◆ **Given records**
· · ·

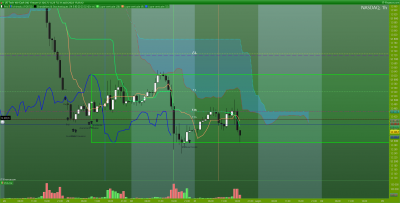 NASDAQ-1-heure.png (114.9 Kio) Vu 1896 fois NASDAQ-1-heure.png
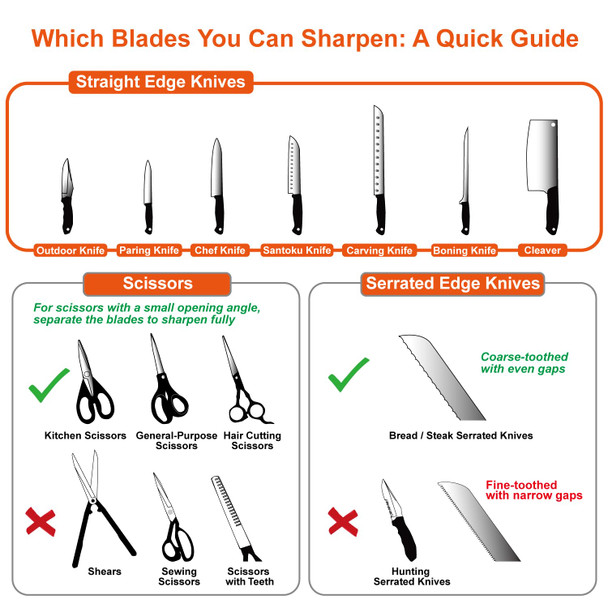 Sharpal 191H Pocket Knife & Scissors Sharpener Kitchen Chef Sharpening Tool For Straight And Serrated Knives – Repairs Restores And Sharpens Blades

· · ·

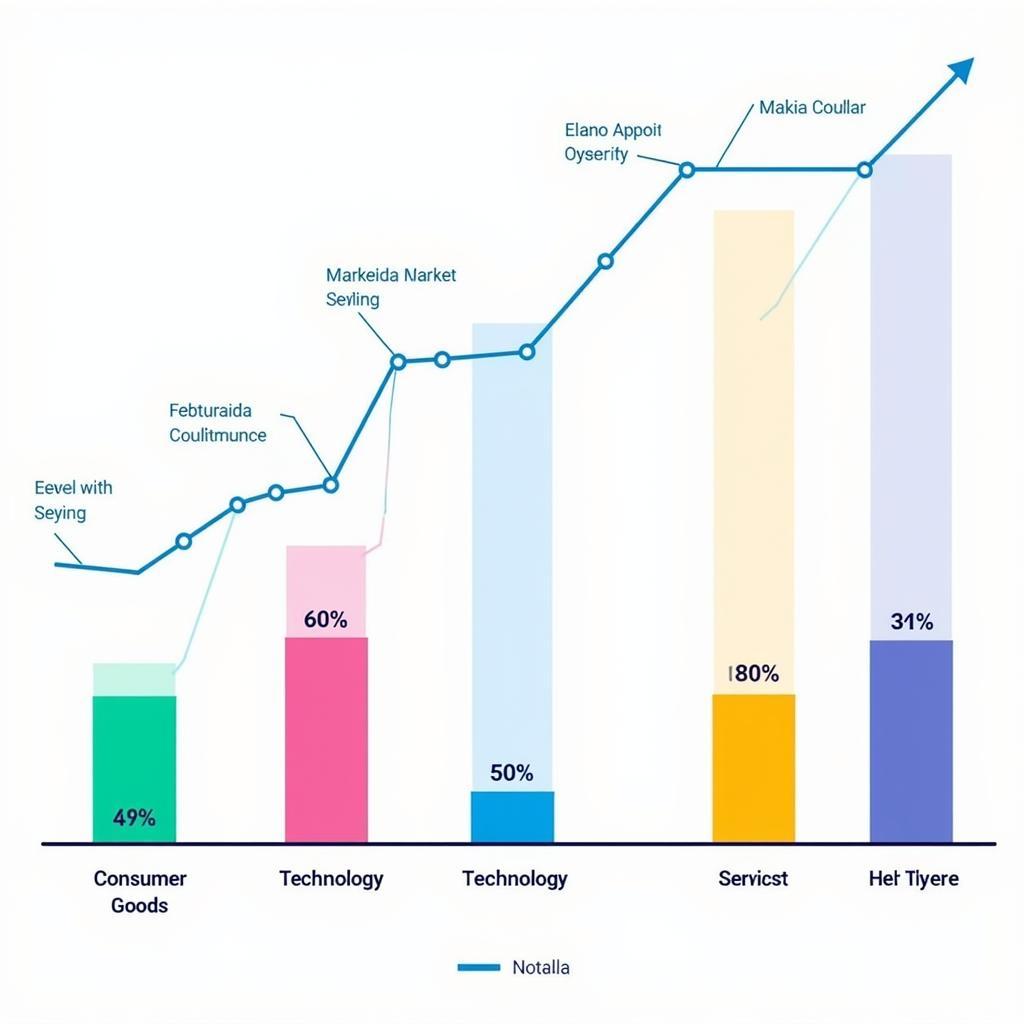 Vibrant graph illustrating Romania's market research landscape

· · ·

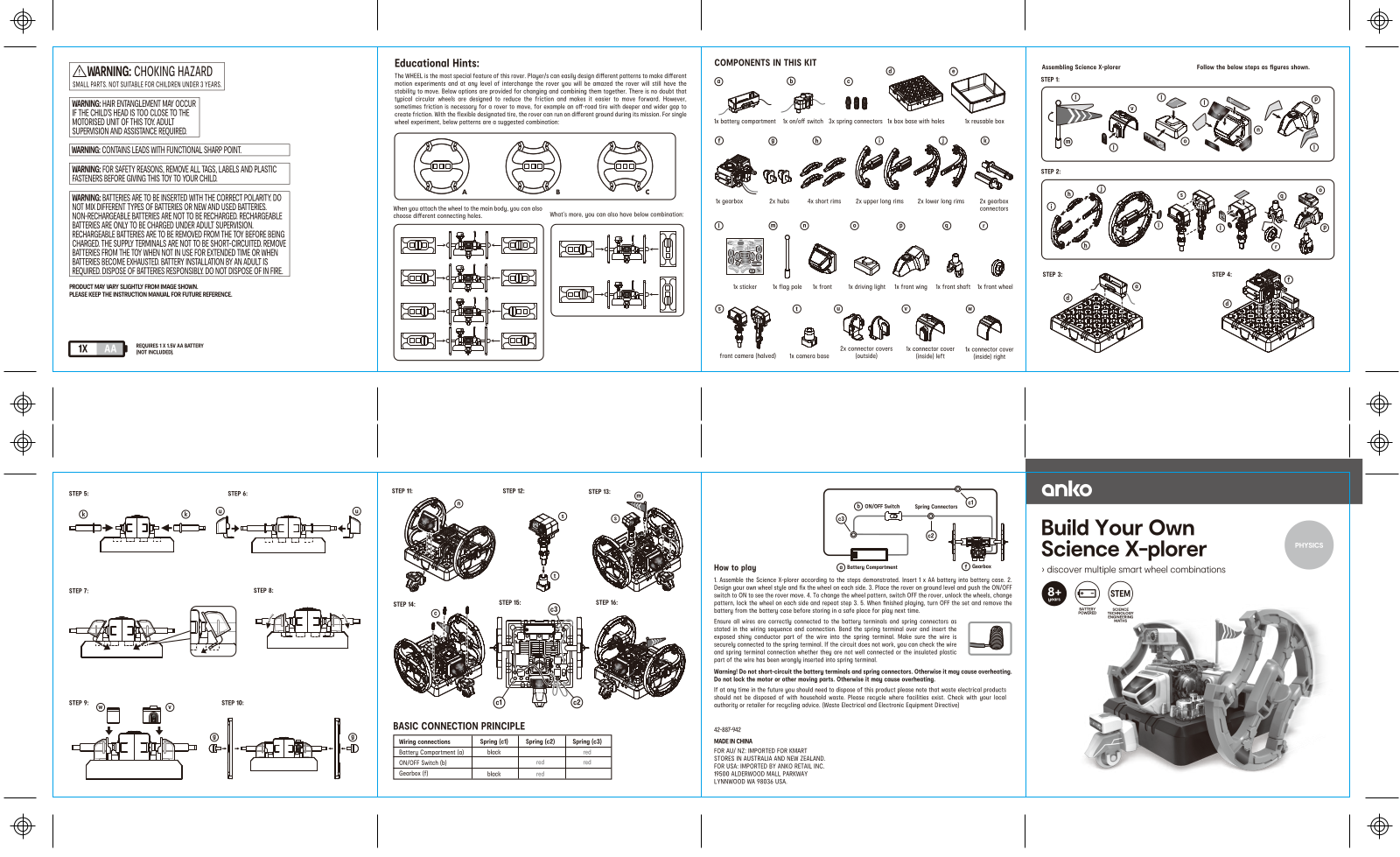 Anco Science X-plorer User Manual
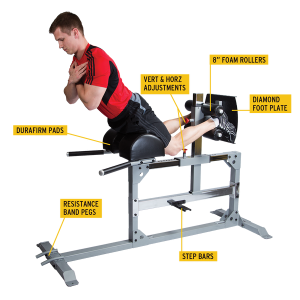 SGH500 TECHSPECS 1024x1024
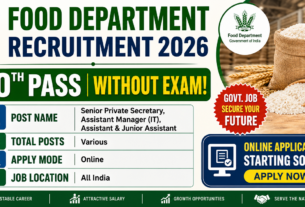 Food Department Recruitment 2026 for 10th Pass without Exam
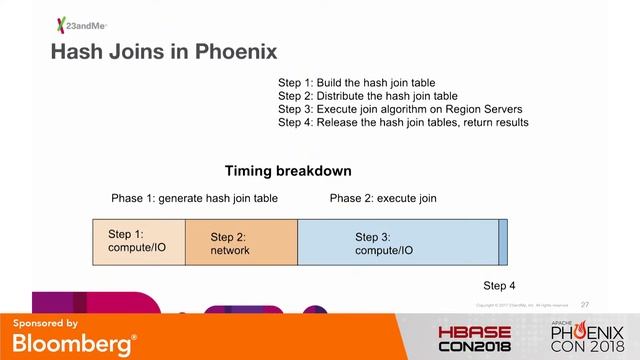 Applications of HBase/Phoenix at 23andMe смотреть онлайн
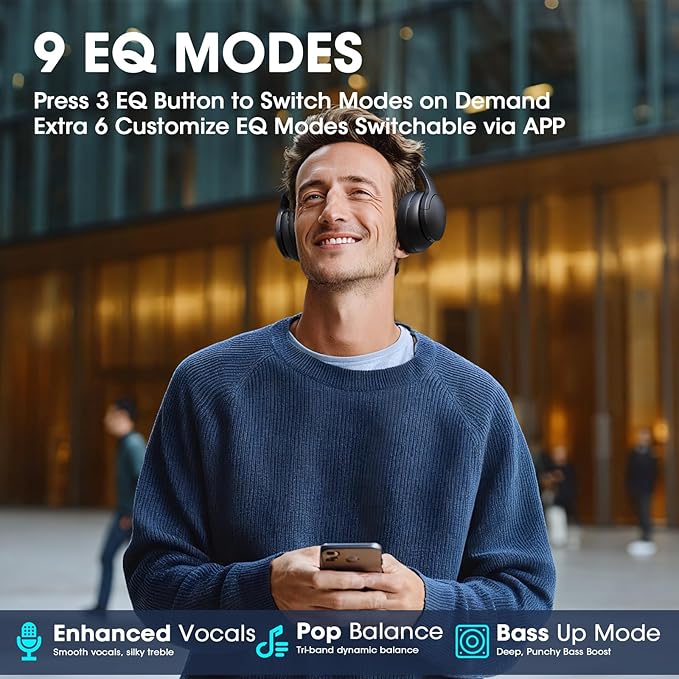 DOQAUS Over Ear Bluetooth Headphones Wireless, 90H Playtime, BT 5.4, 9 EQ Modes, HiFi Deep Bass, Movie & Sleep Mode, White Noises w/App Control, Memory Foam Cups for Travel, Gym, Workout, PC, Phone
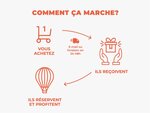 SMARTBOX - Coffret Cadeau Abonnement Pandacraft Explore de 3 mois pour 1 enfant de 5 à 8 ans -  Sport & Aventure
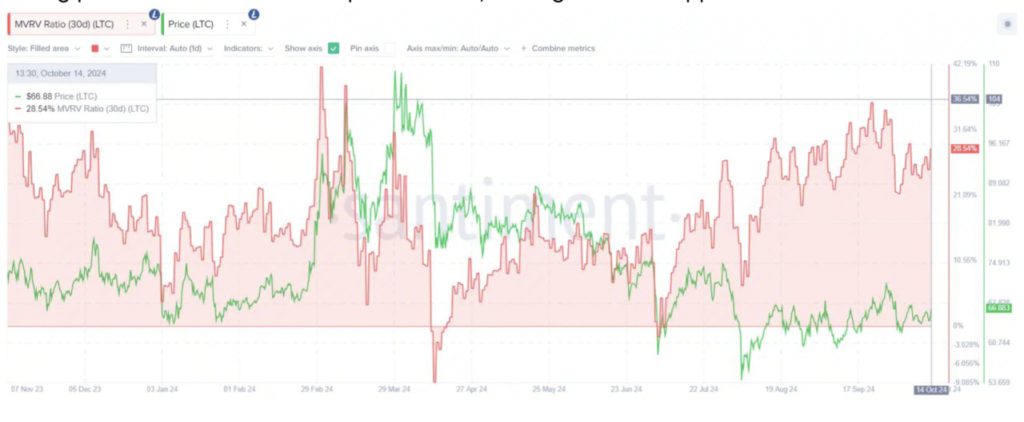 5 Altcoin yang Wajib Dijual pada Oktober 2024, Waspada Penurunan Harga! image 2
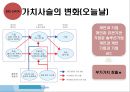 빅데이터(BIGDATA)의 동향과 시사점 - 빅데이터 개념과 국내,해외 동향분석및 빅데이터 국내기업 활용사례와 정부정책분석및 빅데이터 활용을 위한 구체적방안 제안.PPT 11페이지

· · ·

◆ **Problem details**
What belongs in the answer is each line above from the line with "NASDAQ-1-heure.png (114.9 Kio)" to the line with "Sharpal 191H Pocket", inclusive, reproduced exactly and free of pictures.

◆ **Task result**
 NASDAQ-1-heure.png (114.9 Kio) Vu 1896 fois NASDAQ-1-heure.png
 Sharpal 191H Pocket Knife & Scissors Sharpener Kitchen Chef Sharpening Tool For Straight And Serrated Knives – Repairs Restores And Sharpens Blades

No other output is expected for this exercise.